Let's say we did institute a mating system were all humans mated for life, and their choices didn't matter. Is that good because now I can have sex? Or bad because now we're less free to make choices?
This is exactly what I have spent my time in this thread arguing against. "Personal choice" is a childish libertarian phantom - it is a "right" anchored firmly within the secular morality of the modern West. "People should be able to do anything they want to and anything that gets in their way is bad". It is an anarchic and incoherent kind of ethics. It is the essence of liberal society and characteristic of civilizations in decline.
I'm not going to convince you of anything if you hold this "personal choice" to be the highest good. Choices are not made
in vacuo. A system of rights should ultimately serve to keep a society stable and functional, not as some kind of nihilistic justification for the removal of constraints, to allow for the imbalanced piling of resources in certain corners, tipping the whole structure over. I refer to what I said here:
The question is: which rights work?
In order to develop a viable system of rights, some sacrifices of agency have to be made in order to hold up the structure as a whole. "Autonomy" is not morally positive - it is rather the removal of useful constraints on human behavior - and just devolves toward anarchy and conflict where resources are hoarded and battles are fought over them. At present, things seem to be in limbo between broad social liberalism and specific instances of heavy-handed control to keep "undesirable elements" from ruining everyone else's party.
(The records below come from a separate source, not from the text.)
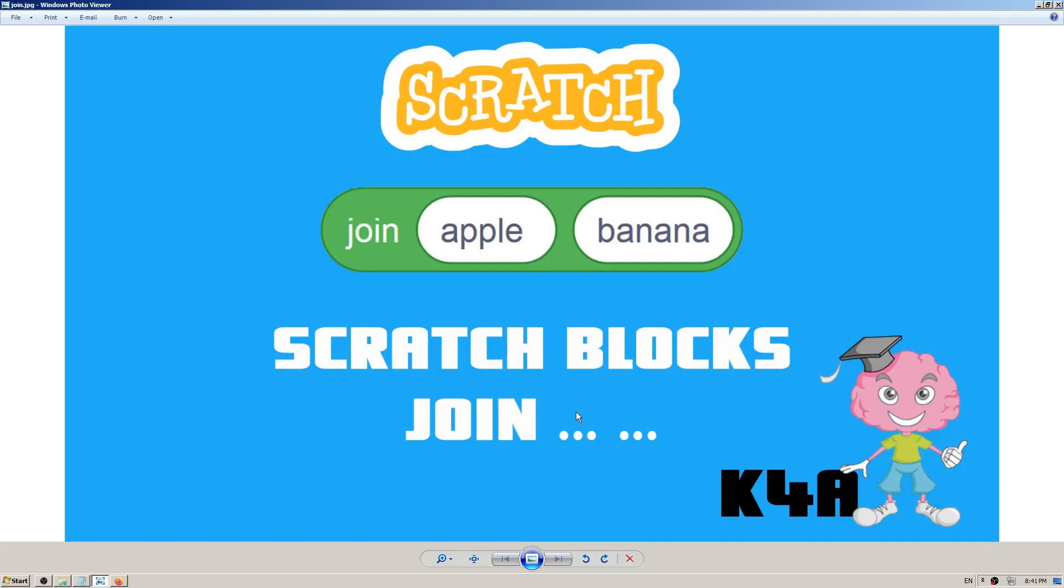Hey there, this is K4A Knowledge For All educational videos channel. We are continuing with learning Scratch blocks, and in this video today I'm going to explain how and when to use the Scratch block which is named join.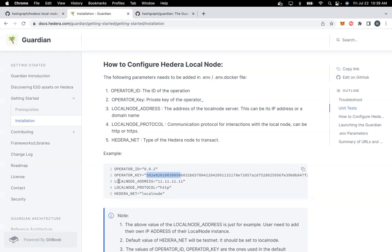The third parameter is LOCAL_NODE_ADDRESS. This is your instance address where you have set up the local node. Here we have just given an example, a dummy local node address. This could be an IP address or a domain name.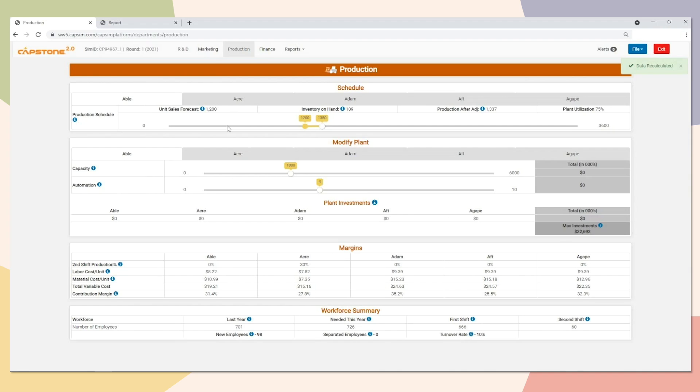We typically recommend that you produce about 10% to 15% more than your forecast to be prepared for the unexpected events that may occur in the upcoming year, things like stock outs. So in this case, my sales forecast is 1.2 million, so I'll be producing 1.3 million for the upcoming year just so I'm prepared.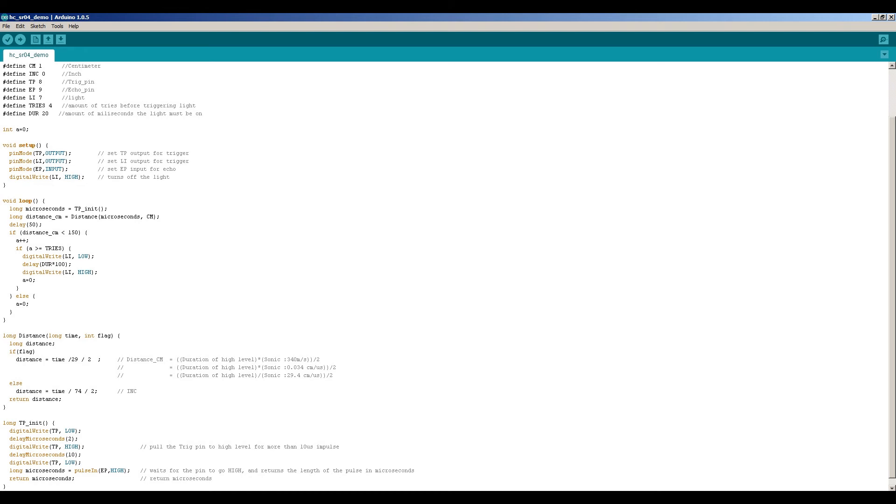Then there is a delay because otherwise you will have a lot of measurements. So I set the delay to 50 microseconds. I think it's 50 microseconds. Then I will see what kind of measurement I got.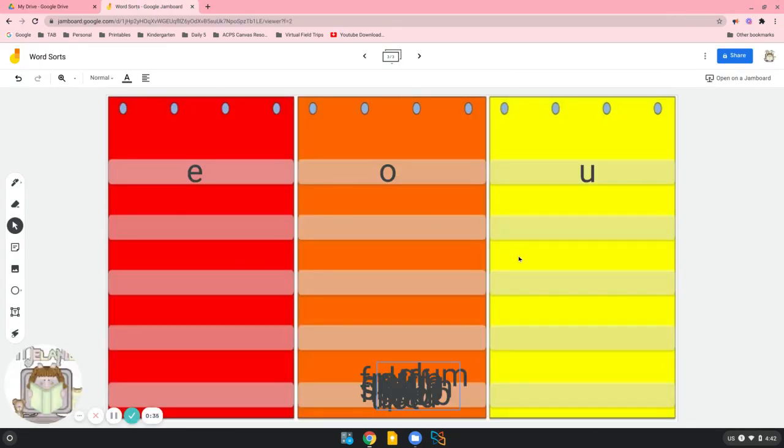Here are the three columns, and I meant to have all of our words all sorted out, but guess what? They all fell out of my pocket charts, and they're here at the bottom. So maybe you can help me put them together on the right pocket chart.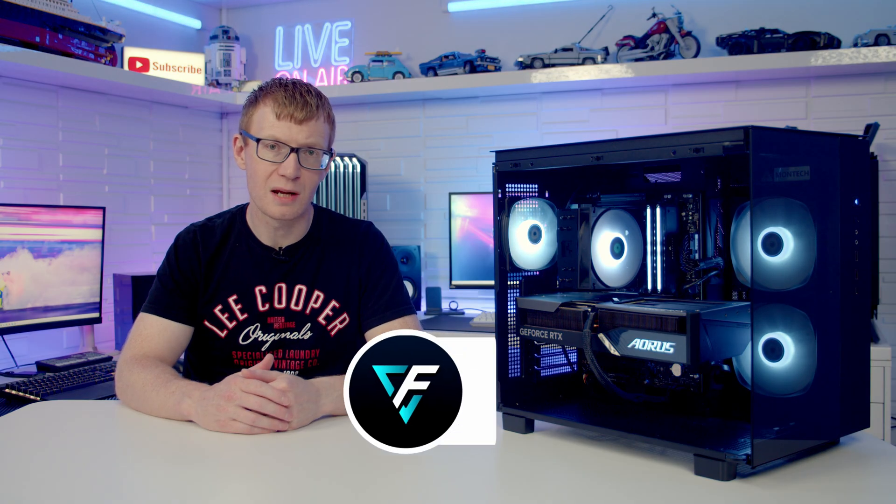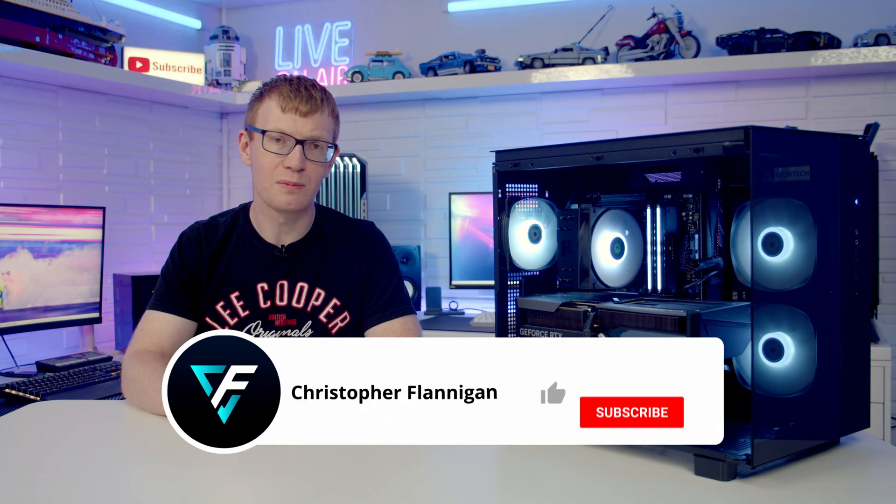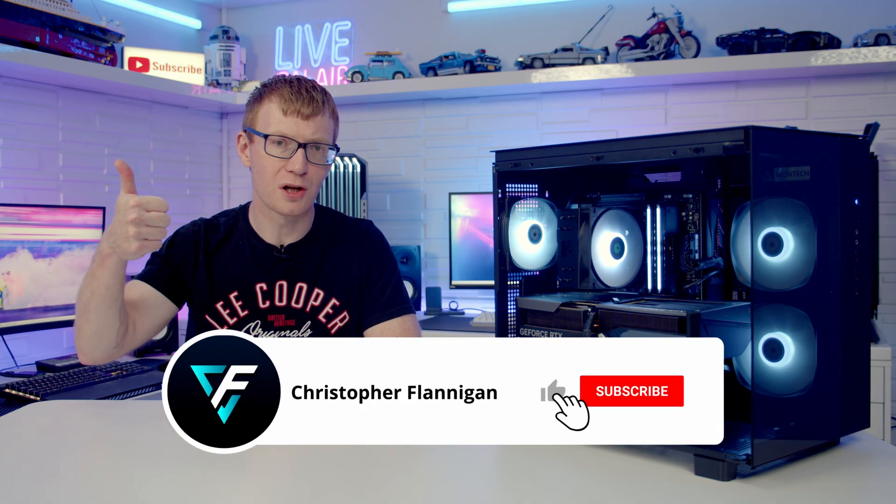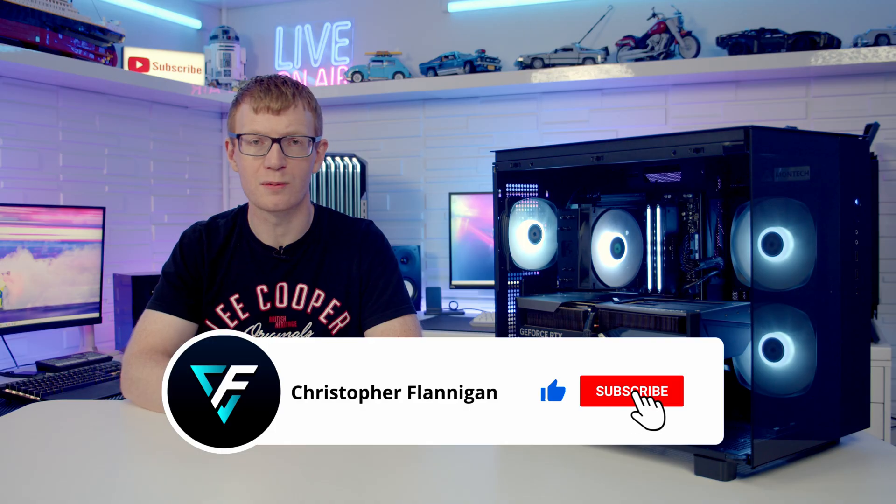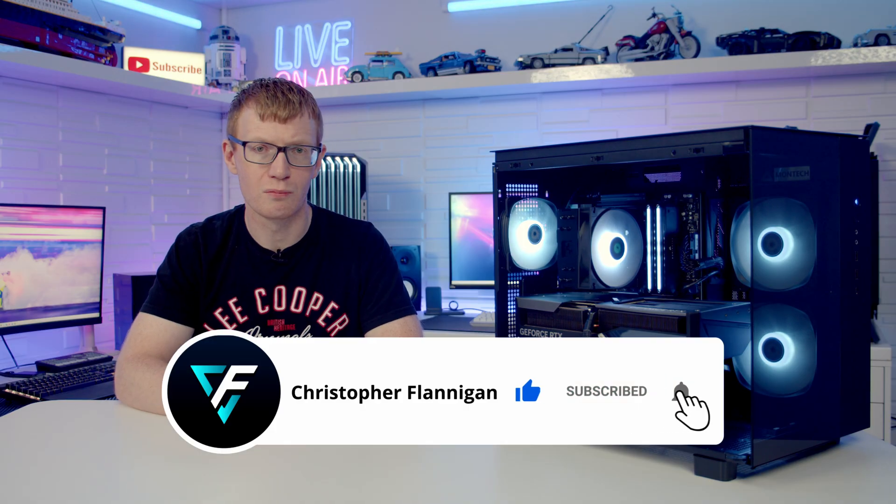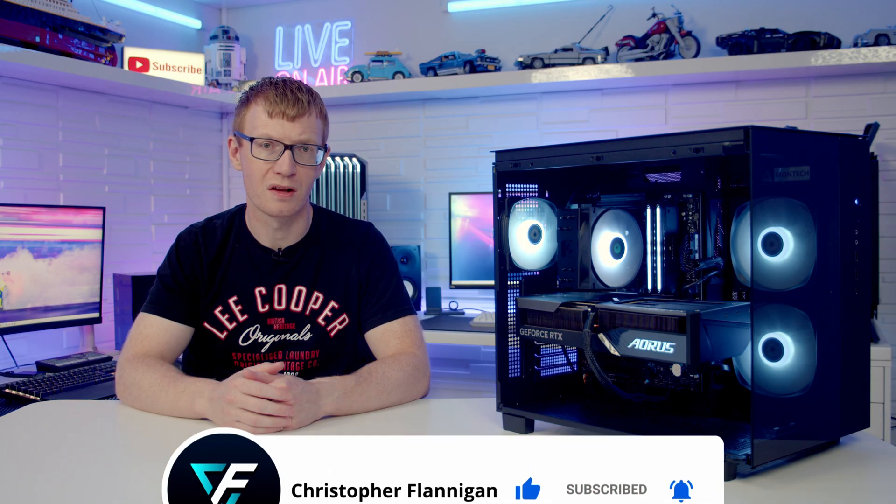If you have enjoyed this full step-by-step PC build guide, please remember to give it a thumbs up, and if you're not currently subscribed to the channel, please hit the subscribe button as well. Thanks for watching.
Bolded was remarkable for the way in which it immediately incited moral panic. It's so deeply burrowed into everyone's head that "freedom = gud", whether or not they're able to exercise this "freedom" for themselves, that a measured and reasonable statement like this, a simple description of the logic of order, is taken as "Communism" by some people, "Fascism" by others, even "Theocracy" - i.e. the bad guys, don't hurt muh freedom!
Right now,
you are the one being controlled.
Your liberty is the sacrifice at the altar of liberty.
Even in a Rwandan genocide, those rights would still apply. It's just bad people would start listening to their baser instincts. Even in desperation, I and everyone else knows what right and wrong is. We might not all obey what right and wrong is, and some of us might not have much choice either.
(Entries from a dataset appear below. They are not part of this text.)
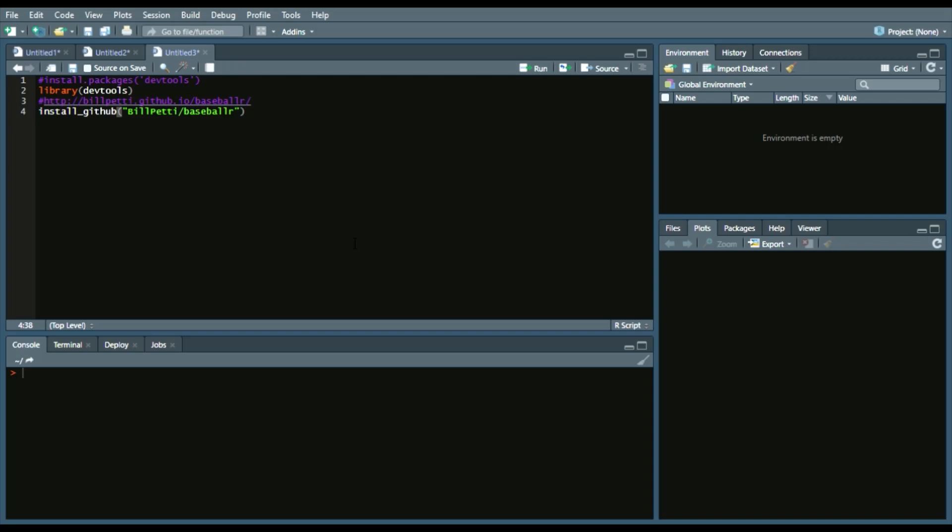Bill Petti, who is very frequent in R, made a ton of amazing packages to use for pulling StatCast data, Fangraphs data, baseball reference data, so on and so forth.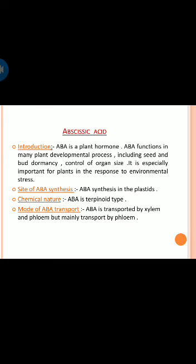Abscisic acid is a plant hormone that functions in many plant developmental processes, including seed and bud dormancy and control of organ size. It is especially important for plants in response to environmental stress. ABA is synthesized in the plastid, is terpenoid in chemical nature, and is transported by both xylem and phloem, but mainly through the phloem.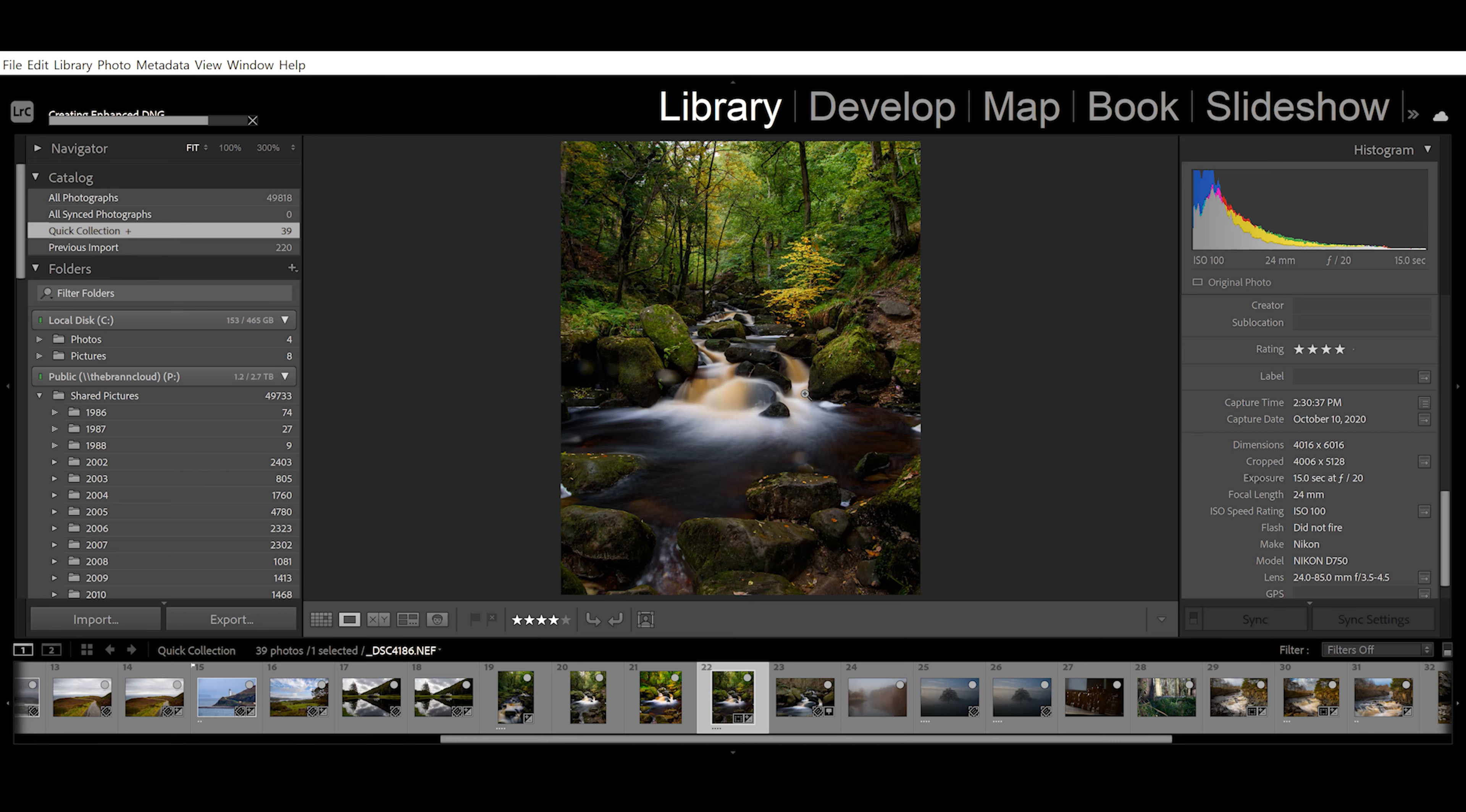But the one thing that is really interesting that will provide a tool you can use inside your post-production is this enhance feature where we can actually increase the image resolution.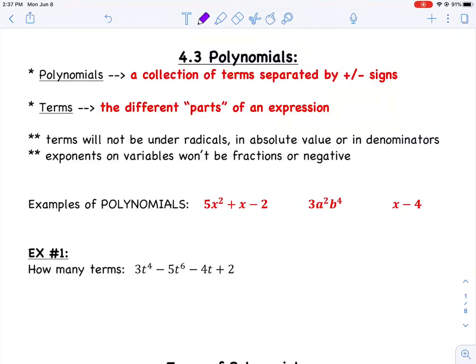In this video, we're going to start section 4.3 and talk about polynomials, where a polynomial is a collection of terms separated by plus or minus signs. Those terms are the different parts of your expression. Anytime you have something separated by a plus or minus sign, it's called a term, and a whole bunch of terms are classified as polynomials.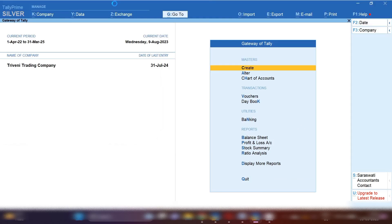How to record toll charges expenses in TallyPrime — I am going to tell you in this video. Namaste dosto, hello friends, this is Suman Sharma, welcome back to my channel Suman Education Hub English. In today's video we are going to discuss: if you paid toll charges in cash, how you will record this entry in TallyPrime.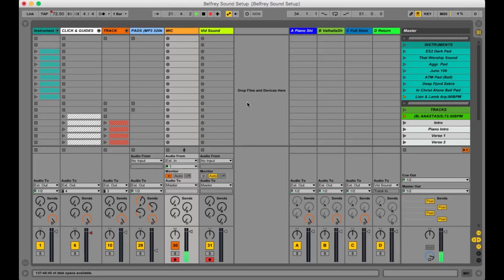A couple of weeks ago I made this Ableton Live template and I'm using it for live performance for Ampersand live events and church. I used it in York Minster a couple of weeks ago for one of the events there. A few people have seen it and not quite understood what's going on with it, so I thought I'd do a little video on what's involved, how I made it, and what I can use it for.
See Thomas Hobbes on this. They would not apply, because things would have regressed to a state premature to "rights", i.e. nature. Strife, conflict, and chaos is the ground floor, the baseline, the essential state of life, which is reined in by constructed ideas of justice - which are being stripped away now to leave only a weak support. Things become more and more "natural" under liberalism, yet it still manages to disguise itself as the highest and most developed form of "justice" possible - evident by the claim that it is "self-evident".
But if I steal something out of desperation, it's not because the person I'm robbing doesn't deserve to keep what I stole from them. It's because I was able to convince myself to do it despite that person's rights. I don't justify my theft by saying "That gas station was bad."
You don't, because you don't rob gas stations and you don't have to. The people who
do rob gas stations are perfectly able to justify their theft by saying "that gas station, or that x, that
thing that is not me is bad."
Let's say we did institute a mating system were all humans mated for life, and their choices didn't matter. Is that good because now I can have sex?
It is good because it gives everyone a
clear opportunity to have sex and lets them know
clearly what they need to do in order to get it.